Problem statement -
Repeat precisely the span of lines below that opens with the line containing "Callaway Heren Golfpolo Cooling Asphalt" and closes with the line containing "[公式]ゲゲゲの鬼太郎 Ｔシャツ 手を繋いで", both included.

Record set -
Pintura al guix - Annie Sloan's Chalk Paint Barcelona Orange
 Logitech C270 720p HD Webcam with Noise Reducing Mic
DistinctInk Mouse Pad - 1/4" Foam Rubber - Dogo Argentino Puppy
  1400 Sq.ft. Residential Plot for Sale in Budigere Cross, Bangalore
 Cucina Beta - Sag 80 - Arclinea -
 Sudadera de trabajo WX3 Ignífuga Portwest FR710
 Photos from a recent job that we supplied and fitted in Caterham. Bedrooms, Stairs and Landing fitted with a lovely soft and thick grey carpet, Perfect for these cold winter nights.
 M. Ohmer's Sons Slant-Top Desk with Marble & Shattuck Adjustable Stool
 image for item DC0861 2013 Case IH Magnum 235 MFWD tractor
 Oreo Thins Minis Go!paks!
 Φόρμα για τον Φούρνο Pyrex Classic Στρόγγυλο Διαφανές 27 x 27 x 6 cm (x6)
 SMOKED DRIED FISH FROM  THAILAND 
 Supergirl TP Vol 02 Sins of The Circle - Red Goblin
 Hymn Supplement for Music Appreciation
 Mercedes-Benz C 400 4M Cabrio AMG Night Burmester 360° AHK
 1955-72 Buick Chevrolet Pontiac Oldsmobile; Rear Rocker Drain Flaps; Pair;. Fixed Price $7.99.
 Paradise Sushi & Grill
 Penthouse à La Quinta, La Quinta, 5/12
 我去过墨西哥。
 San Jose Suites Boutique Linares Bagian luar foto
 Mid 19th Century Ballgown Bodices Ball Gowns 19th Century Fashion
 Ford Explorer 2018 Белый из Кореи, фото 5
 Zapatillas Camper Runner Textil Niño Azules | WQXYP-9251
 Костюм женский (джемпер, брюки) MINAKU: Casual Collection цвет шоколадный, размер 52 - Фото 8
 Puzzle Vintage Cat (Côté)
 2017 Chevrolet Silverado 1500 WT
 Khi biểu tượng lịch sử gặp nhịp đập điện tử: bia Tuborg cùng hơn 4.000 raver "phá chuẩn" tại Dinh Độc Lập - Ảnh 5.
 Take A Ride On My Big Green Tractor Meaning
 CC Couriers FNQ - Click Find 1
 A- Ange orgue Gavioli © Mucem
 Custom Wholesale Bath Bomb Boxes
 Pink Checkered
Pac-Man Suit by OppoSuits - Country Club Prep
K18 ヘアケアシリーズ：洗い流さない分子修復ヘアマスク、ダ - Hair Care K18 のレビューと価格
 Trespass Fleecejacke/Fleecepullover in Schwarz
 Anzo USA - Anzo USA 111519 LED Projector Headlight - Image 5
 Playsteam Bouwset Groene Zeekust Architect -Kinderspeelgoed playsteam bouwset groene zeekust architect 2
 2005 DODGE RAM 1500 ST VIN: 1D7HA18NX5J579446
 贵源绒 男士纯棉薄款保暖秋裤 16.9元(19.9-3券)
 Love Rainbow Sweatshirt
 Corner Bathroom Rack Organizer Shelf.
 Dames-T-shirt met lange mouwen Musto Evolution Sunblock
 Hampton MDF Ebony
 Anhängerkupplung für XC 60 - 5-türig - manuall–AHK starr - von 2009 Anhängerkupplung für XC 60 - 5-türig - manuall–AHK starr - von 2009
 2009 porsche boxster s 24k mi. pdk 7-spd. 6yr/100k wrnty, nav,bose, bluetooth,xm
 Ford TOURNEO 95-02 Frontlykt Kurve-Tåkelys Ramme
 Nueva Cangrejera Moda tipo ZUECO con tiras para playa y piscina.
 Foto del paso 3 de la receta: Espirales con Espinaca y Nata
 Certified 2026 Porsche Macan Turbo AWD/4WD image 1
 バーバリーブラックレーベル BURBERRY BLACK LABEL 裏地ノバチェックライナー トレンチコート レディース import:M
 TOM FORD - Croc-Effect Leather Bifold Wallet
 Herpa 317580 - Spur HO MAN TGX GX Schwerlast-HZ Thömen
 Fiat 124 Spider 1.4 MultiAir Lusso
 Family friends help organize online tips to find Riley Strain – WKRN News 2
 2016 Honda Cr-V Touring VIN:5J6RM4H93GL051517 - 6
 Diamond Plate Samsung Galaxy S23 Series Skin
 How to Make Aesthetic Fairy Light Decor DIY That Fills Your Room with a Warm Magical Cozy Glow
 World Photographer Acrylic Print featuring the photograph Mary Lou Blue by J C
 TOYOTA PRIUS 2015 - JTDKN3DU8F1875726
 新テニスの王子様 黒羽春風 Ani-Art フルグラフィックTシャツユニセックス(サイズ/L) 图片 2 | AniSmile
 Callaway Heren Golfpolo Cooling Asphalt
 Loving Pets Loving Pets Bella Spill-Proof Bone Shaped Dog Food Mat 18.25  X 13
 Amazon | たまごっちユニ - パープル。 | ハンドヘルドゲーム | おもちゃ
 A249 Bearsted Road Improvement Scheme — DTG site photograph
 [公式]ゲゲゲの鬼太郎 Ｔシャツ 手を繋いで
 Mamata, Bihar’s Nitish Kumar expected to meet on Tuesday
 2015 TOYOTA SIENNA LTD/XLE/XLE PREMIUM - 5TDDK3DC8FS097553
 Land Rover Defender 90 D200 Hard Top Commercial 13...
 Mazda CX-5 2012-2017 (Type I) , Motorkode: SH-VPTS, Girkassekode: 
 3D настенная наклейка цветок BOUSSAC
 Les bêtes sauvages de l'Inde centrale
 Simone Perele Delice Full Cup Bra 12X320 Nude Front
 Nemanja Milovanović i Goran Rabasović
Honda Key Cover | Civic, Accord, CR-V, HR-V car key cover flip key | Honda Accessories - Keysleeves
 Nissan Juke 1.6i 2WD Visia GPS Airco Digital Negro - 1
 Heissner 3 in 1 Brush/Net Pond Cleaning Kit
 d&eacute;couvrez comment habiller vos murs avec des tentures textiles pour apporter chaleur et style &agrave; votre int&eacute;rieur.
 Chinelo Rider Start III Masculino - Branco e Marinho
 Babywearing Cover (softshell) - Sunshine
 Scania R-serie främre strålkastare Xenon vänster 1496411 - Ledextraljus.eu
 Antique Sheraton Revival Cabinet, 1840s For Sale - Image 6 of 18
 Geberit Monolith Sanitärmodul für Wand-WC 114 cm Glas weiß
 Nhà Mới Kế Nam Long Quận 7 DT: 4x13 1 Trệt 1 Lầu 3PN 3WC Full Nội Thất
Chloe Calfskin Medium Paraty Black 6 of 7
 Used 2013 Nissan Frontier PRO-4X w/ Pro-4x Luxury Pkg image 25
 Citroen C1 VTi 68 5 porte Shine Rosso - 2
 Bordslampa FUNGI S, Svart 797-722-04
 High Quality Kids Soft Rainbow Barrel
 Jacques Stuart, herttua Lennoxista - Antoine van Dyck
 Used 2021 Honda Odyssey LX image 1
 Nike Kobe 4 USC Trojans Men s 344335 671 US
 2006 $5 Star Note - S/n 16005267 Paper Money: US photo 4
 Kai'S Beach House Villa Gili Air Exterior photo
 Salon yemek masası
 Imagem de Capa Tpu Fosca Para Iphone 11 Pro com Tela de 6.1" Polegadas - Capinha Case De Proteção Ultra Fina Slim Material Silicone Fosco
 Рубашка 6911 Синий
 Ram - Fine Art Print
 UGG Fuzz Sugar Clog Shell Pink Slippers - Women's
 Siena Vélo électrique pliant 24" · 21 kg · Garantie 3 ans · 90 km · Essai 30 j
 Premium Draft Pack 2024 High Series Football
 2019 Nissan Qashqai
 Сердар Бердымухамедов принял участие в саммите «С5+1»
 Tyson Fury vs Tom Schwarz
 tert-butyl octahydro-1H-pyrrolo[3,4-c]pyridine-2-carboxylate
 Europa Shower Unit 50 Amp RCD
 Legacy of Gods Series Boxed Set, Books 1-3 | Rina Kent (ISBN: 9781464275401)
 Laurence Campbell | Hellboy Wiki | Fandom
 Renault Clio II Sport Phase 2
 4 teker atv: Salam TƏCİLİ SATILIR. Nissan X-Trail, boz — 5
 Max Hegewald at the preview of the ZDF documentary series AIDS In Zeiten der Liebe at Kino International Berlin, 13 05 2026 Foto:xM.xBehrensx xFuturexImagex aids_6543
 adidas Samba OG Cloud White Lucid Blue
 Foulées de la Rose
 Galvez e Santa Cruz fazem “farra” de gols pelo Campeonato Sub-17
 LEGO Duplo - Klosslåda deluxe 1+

Solved exercise -
 Callaway Heren Golfpolo Cooling Asphalt
 Loving Pets Loving Pets Bella Spill-Proof Bone Shaped Dog Food Mat 18.25  X 13
 Amazon | たまごっちユニ - パープル。 | ハンドヘルドゲーム | おもちゃ
 A249 Bearsted Road Improvement Scheme — DTG site photograph
 [公式]ゲゲゲの鬼太郎 Ｔシャツ 手を繋いで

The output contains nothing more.